Um áudio, por exemplo, que a reportagem do Brasil de Fato teve acesso, conta que determinado cidadão teria realizado uma reunião com o prefeito de uma pequena cidade da região Norte do RS. Nesta reunião, o prefeito teria alertado que estaria sendo requerido mais de 20 mil hectares de terra.
Por Redação, com Brasil de Fato - de Brasília
Uma onda de informações falsas sobre terras indígenas e quilombolas está assustando a população do interior do Rio Grande do Sul. A tática de amedrontamento não é nova com relação aos povos tradicionais, mas ganhou impulso nesse período eleitoral.

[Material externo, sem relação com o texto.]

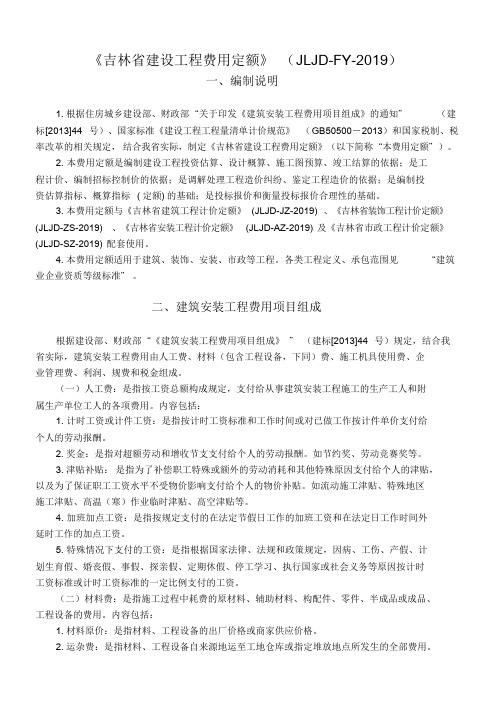 《吉林省建设工程费用定额》(JLJD-FY-2019)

Instituições consultadas pela reportagem ressaltam que esse tipo de estratégia espalha o medo e acirra os conflitos, resultando na possibilidade de mais violência. Porém, é uma tática que resulta em frutos positivos para lideranças e políticos que colhem votos em meio a essa disseminação de notícias falsas.
Um áudio, por exemplo, que a reportagem do Brasil de Fato teve acesso, conta que determinado cidadão teria realizado uma reunião com o prefeito de uma pequena cidade da região Norte do RS. Nesta reunião, o prefeito teria alertado que estaria sendo requerido mais de 20 mil hectares de terra para demarcação para povos indígenas na região. Segundo o autor do áudio, isso faria "a terra indígena pegar toda a região. Vai acabar a cidade". A cidade em questão, segundo o IBGE, possui cerca de 290 quilômetros quadrados.
Além disso, no áudio compartilhado, o autor pede que os destinatários da mensagem ajudem "os amigos a votarem" em um deputado que "destinou muitas verbas para o município". Também fala com muita preocupação sobre as eleições presidenciais.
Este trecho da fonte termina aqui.